Refer Explanation Section

#### Explanation:

At the out set, it is a cubic function. It has two turning points.
When the function is minimum, the curve is concave upwards.
When the function is maximum the curve is concave downwards.

Find the first derivative.

Set it equal to zero.

It is a quadratic equation. It has two x values.

Find the second derivative.

Substitute the already calculated values of x to decide whether the function has a minimum or maximum.

At x = 3.82 The second derivative is positive. The function has a minimum. At this point the curve is concave upwards.

At x = 0.17. The second derivative is negative. The function has a maximum. At this point the curve is concave downwards.

Aug 31, 2015

The graph of $f$ is concave down on $\left(- \infty , 2\right)$ and concave up on $\left(2 , \infty\right)$. The point $\left(2 , - 65\right)$ is the inflection point.

#### Explanation:

$f \left(x\right) = 3 {x}^{3} - 18 {x}^{2} + 6 x - 29$

$f ' \left(x\right) = 9 {x}^{2} - 36 x + 6$

$f ' ' \left(x\right) = 18 x - 36$

The graph of $f$ is concave up on intervals on which $f ' '$ is positive and concave down ehere it is negative. So ingestogate the sign on $f ' ' \left(x\right) = 18 x - 36$.

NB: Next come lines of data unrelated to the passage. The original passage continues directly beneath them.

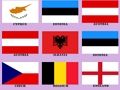 Peli Muistin koulutus. Euroopan liput  verkossa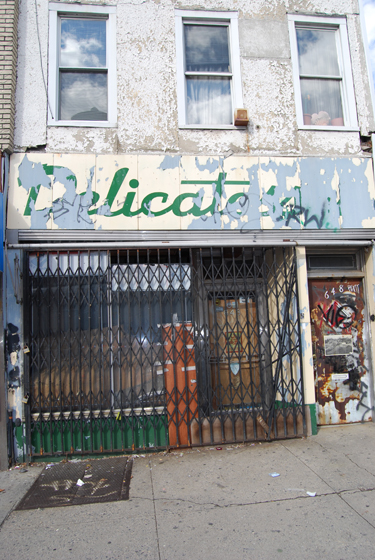 Delicatessen - Park Slope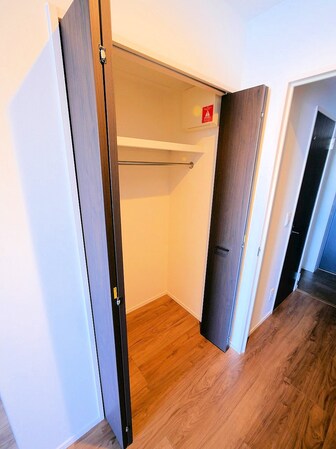 グレイスコート・アイエスの物件内観写真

Because this $f ' '$ is never undefined, the only chance this $f ' '$ has to change sign is when it is zero.

$18 x - 36 = 0$ at $x = 2$

This cuts the number line into two pieces:

on $\left(- \infty , 2\right)$ we have $f ' ' \left(x\right) < 0$ $\text{ }$ choose a test number if you like

on $\left(2 , \infty\right)$ we have $f ' ' \left(x\right) > 0$ $\text{ }$ choose a test number if you like

So the graph of $f$ is concave down on $\left(- \infty , 2\right)$ and concave up on $\left(2 , \infty\right)$.

Because $f \left(2\right) = - 65$, the point $\left(2 , - 65\right)$ is the inflection point.